■ WHAT YOU WILL DO: Your answer must be exactly the lines from the one containing "زراعة نخيل بمحاذاة سور" through the end of the material, both ends included, without pictures.

■ DATA PROVIDED:

Content starts

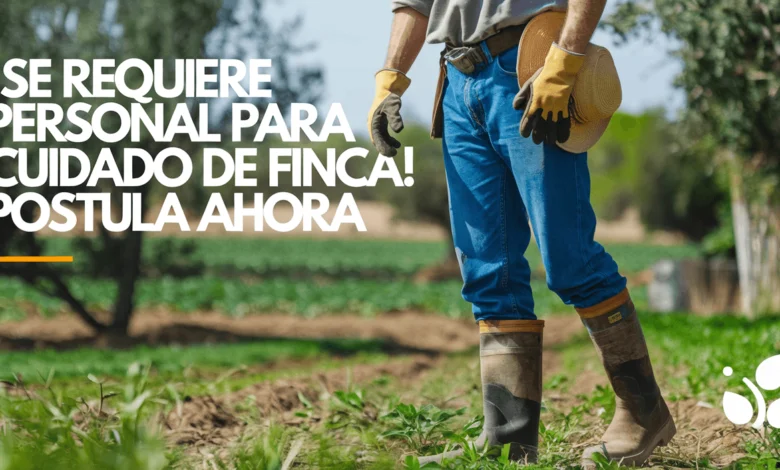 Trabajador de finca sembrando cultivos en el campo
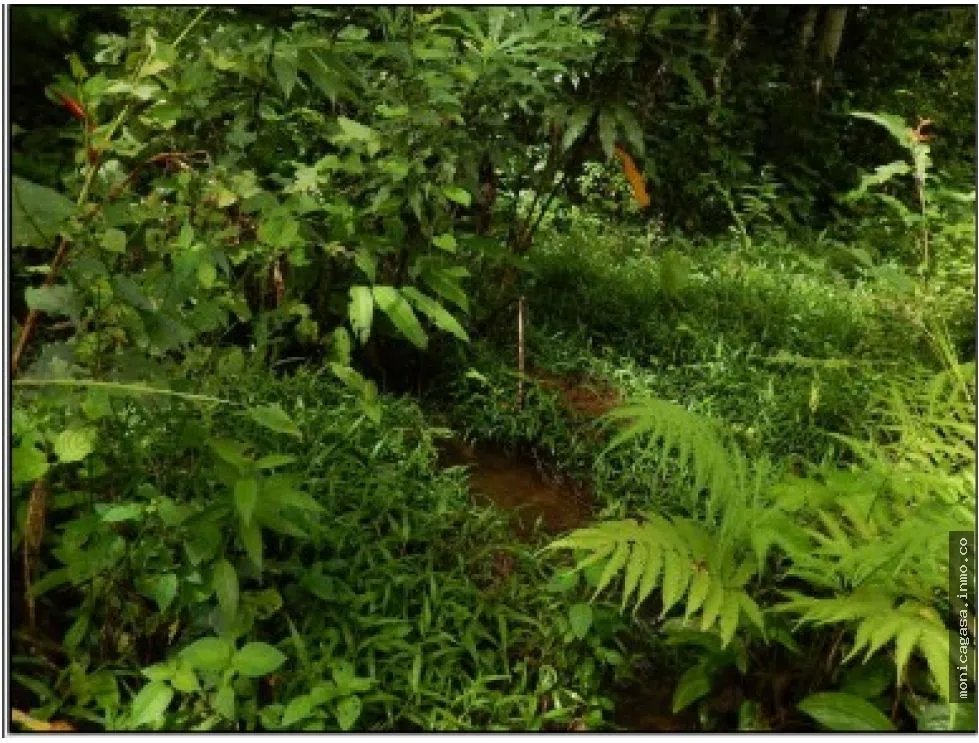 Land Sale in El Manglarito, Sorá
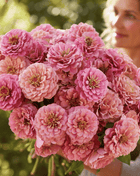 Rose Zinnia – 100 Seeds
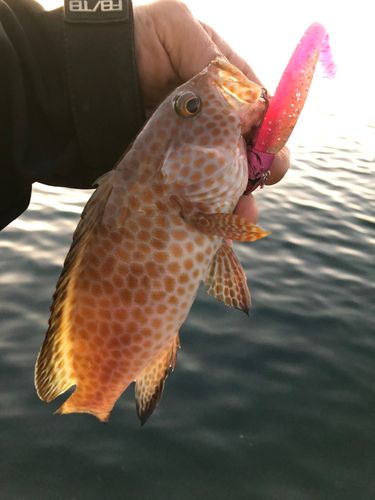 オオモンハタの釣果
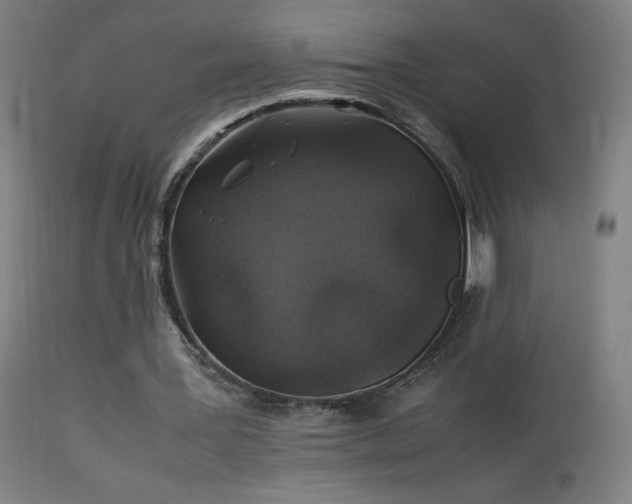 X0000114170387200910081527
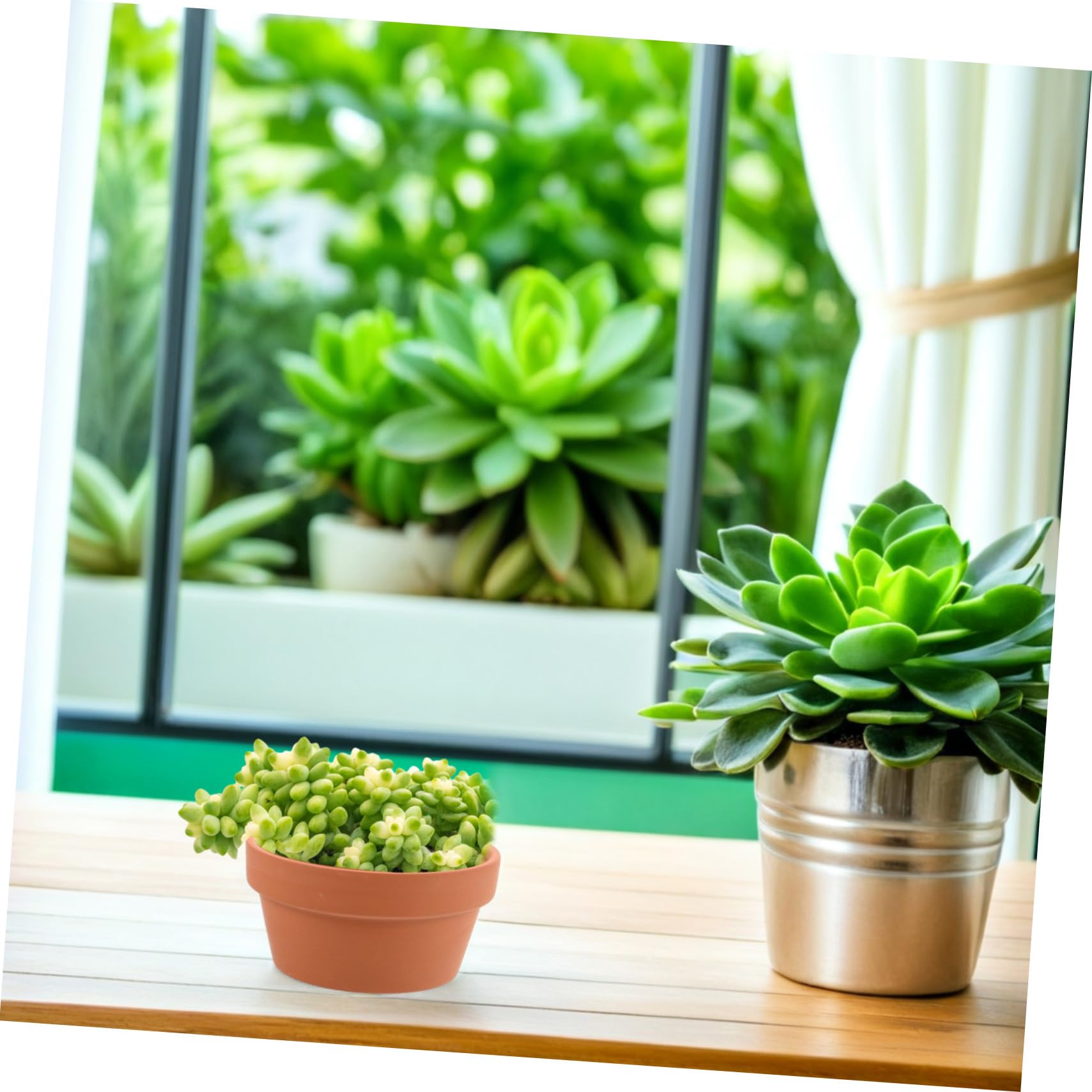 6pezzi Vasi in Terracotta Mini per Pianta Grasse Vasi Ceramici Piccoli per Fiori Terracotta per Cactus da Interno Fioriere Rustiche Contenitori per Piante da Tavolo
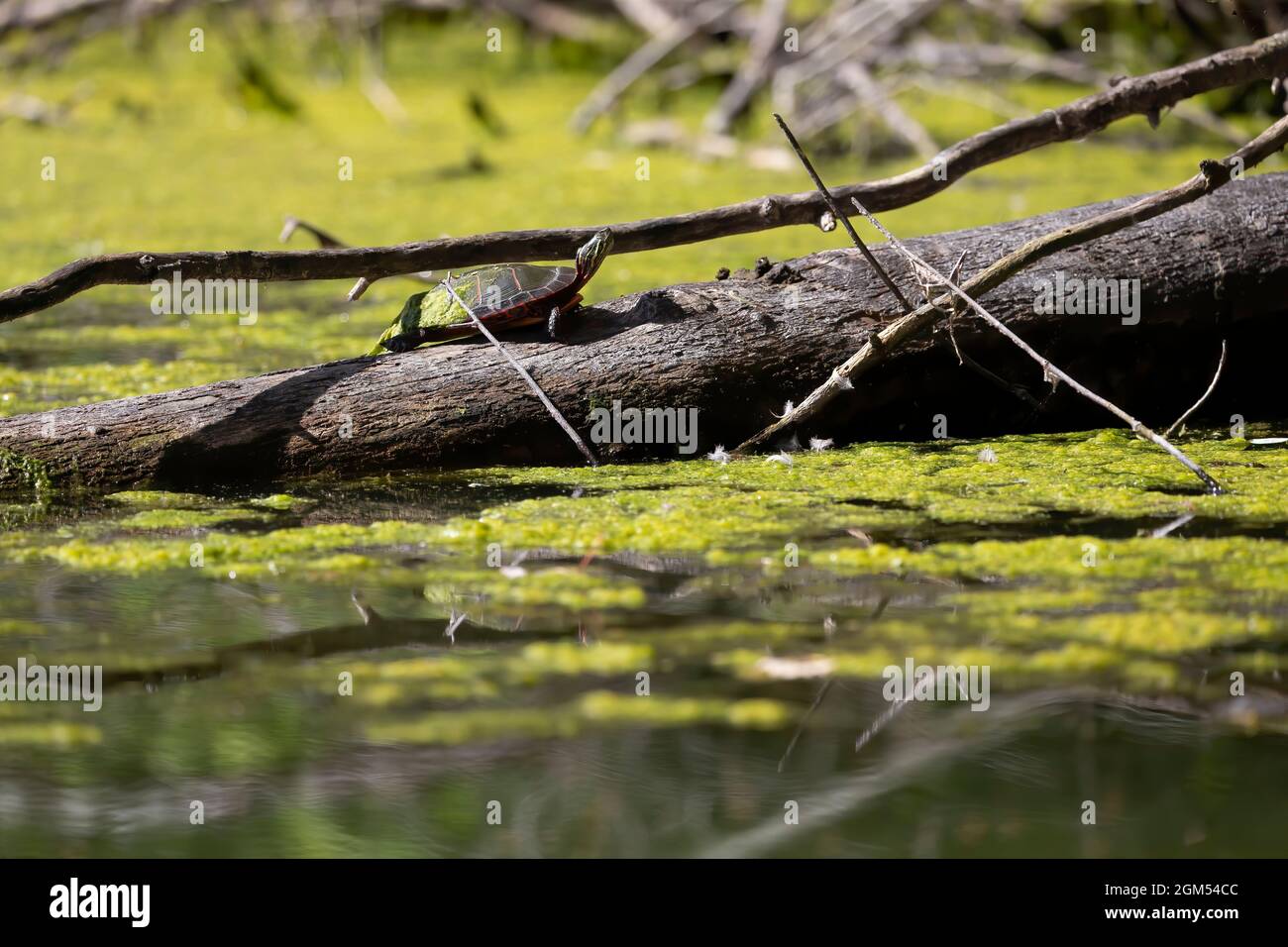 The painted turtle (Chrysemys picta) is the most widespread native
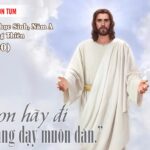 Chúa Nhật VII Phục Sinh, Năm A (17.05.2026) – Chúa Thăng Thiên – Anh Em Hãy Đi (Mt 28,16-20)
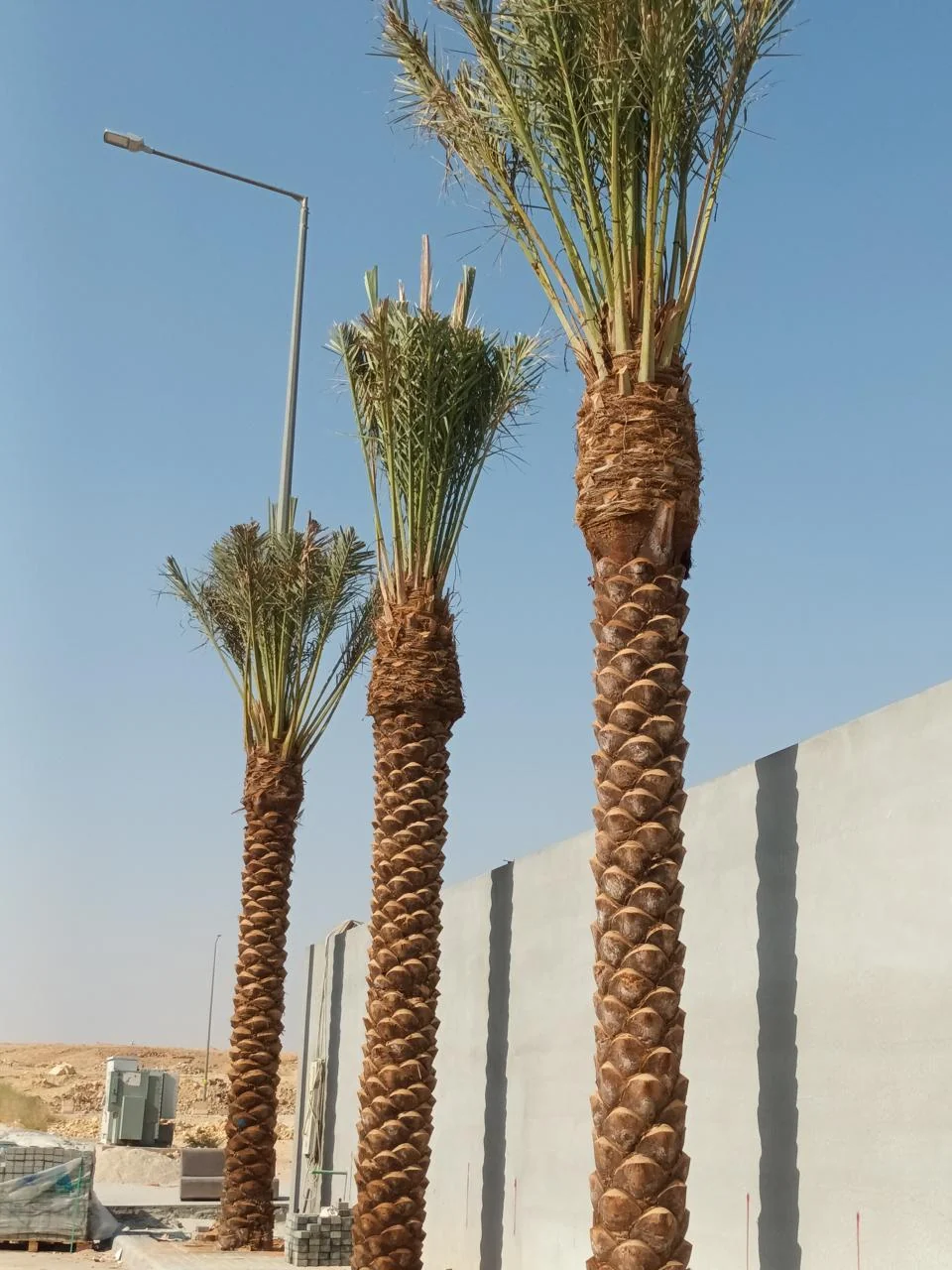 زراعة نخيل بمحاذاة سور
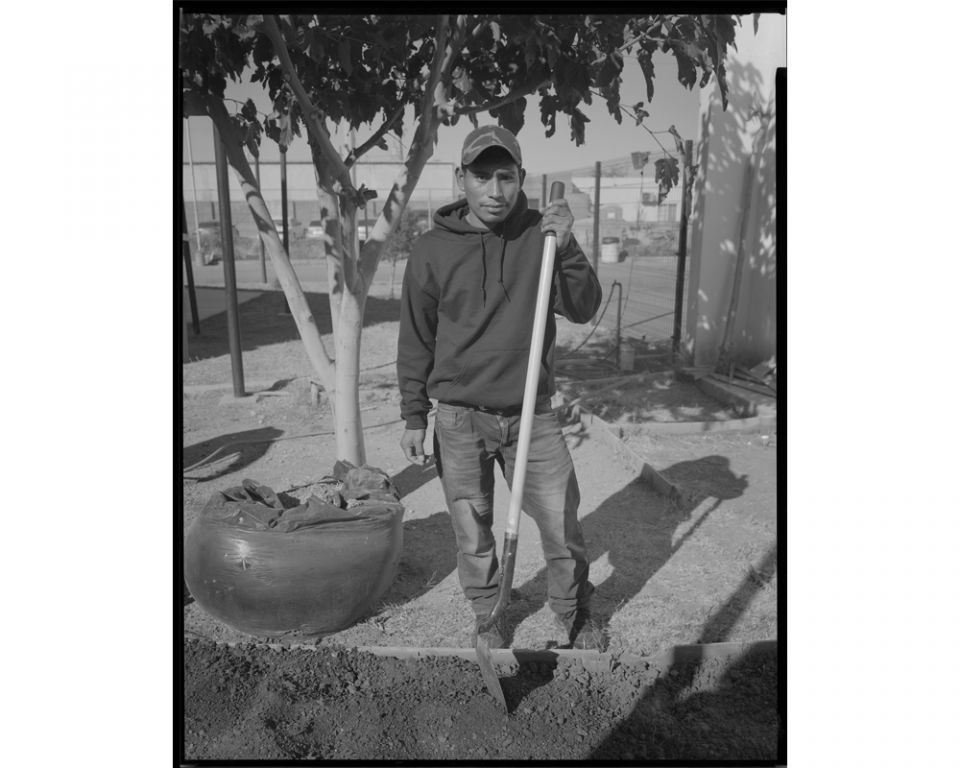Jesus, another migrant who was expelled the previous night, helps install the garden at the Centro de Recursos. (Lisa Elmaleh)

Content ends

■ RESPONSE TO THIS TASK:
 زراعة نخيل بمحاذاة سور
Jesus, another migrant who was expelled the previous night, helps install the garden at the Centro de Recursos. (Lisa Elmaleh)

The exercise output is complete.